There are also the AHL players and Juniors graduates. Ryan Spooner’s hands have been compared to Marc Savard. I’ll leave that comparison alone for a half decade or so, but say that they are pretty damn slick. Size and adjusting to the NHL are questions 1 and 1a, speed, skating, passing aren’t in question.  Carter Camper and Max Sauve both earned time in Boston last year, both have played the pro game, both have done well. Sauve’s durability is issue number one, but like Spooner is an excellent passer and has a ready shot. Camper is also on the small side, but led the Providence Bruins in scoring despite the time he spent in Boston.

Also to be considered is new acquisition Christian Hanson who’s half season of NHL games is more than just about all his competition combined. At 6’4 and 222 he’s got size to spare over any of the other claimants. Then there is Alex Khoklachev. The skilled Russian is in the same size range as Spooner, Sauve and Camper. He signed his entry level deal at the recent Boston Bruins development camp, and also signed a deal that would will take him to the KHL. The KHL contract is for one year, to the club his father is the manager of. If however he makes the Boston Bruins out of camp he stays here in North America.

Another possibility is trading for a skilled center who can play about as well in similar ice time as Krejci. A team like the Edmonton Oilers could certainly use some better depth defense, and the looming arbitration date with Sam Gagner lowers the likelihood they will retain him after that date. The Panthers barely used Mike Santorelli last year, and he would come with a low cap hit.
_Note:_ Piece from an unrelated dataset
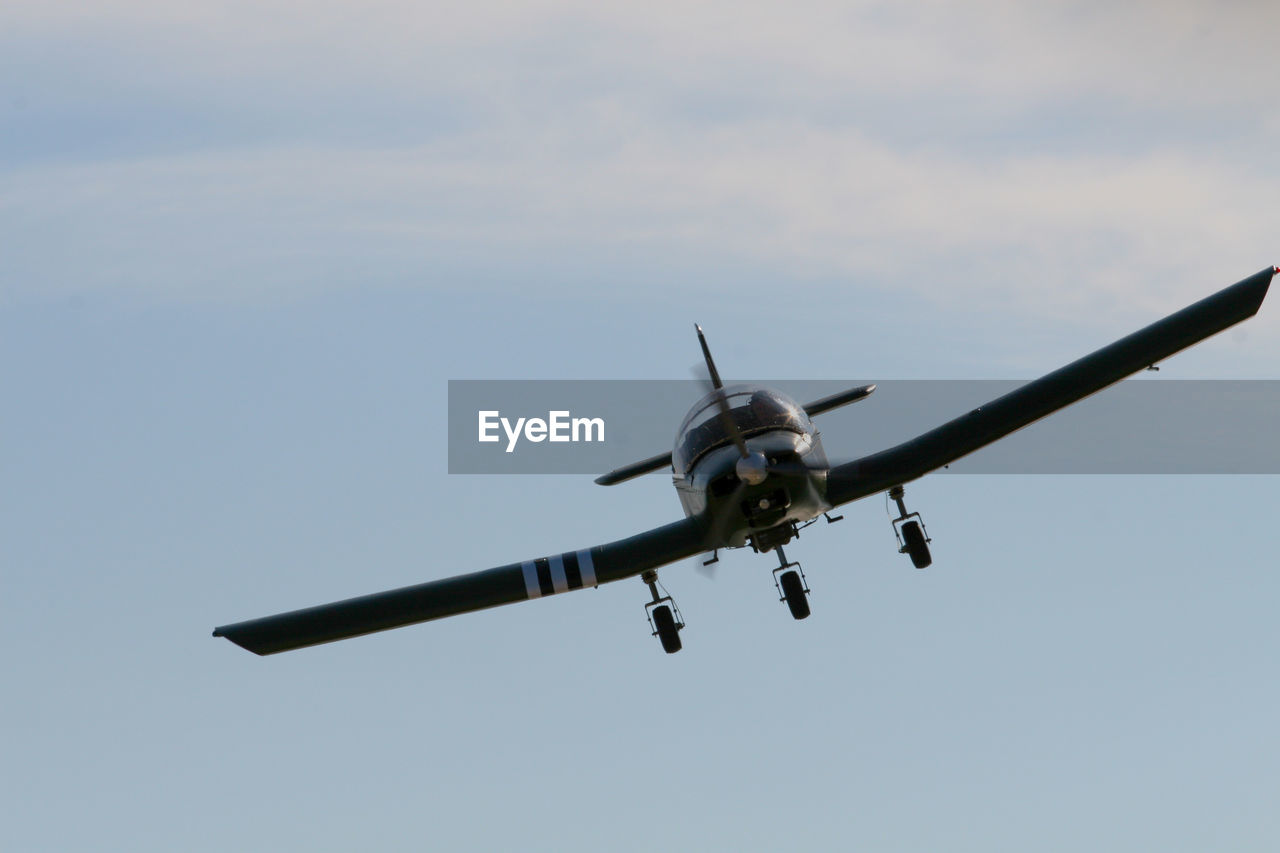 Low angle view of airplane flying against sky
Also to be considered is sliding Greg Campbell up to the third line and sliding in either a rookie, Hanson, or Whitfield into the Merlot line. Campbell has done well in a Bruins uniform managing the heavy grinding role of the fourth line and the smart penalty kill minutes and making it look easy.
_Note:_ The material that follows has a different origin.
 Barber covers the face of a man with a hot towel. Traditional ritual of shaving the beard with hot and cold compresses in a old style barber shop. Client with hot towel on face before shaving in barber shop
I’m a bit baffled by some of the remaining free agents. As weak as this free agent class is, the number of useful players who haven’t either taken off for the KHL or signed with an NHL team is pretty surprising.
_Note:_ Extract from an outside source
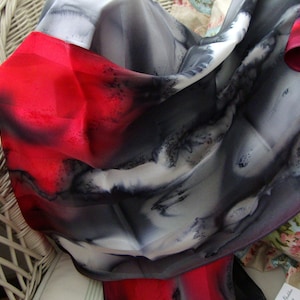 May include: A red, white and black silk scarf with a flowing, abstract design. The scarf is draped over a white wicker chair.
As likely the best center left Kyle Wellwood‘s unsigned status is just baffling. He had more points last season than any other remaining center, and had the third most points of any forwards remaining unsigned. The two ahead of him are Shane Doan and Alex Semin. Doan only beat him by three points and played two additional games, Semin who beat him by seven points. Based on total time on ice, with similar distributions, and having played in the same division last year Wellwood was more efficient than Semin in producing points picking up each point about half a minute quicker than Semin.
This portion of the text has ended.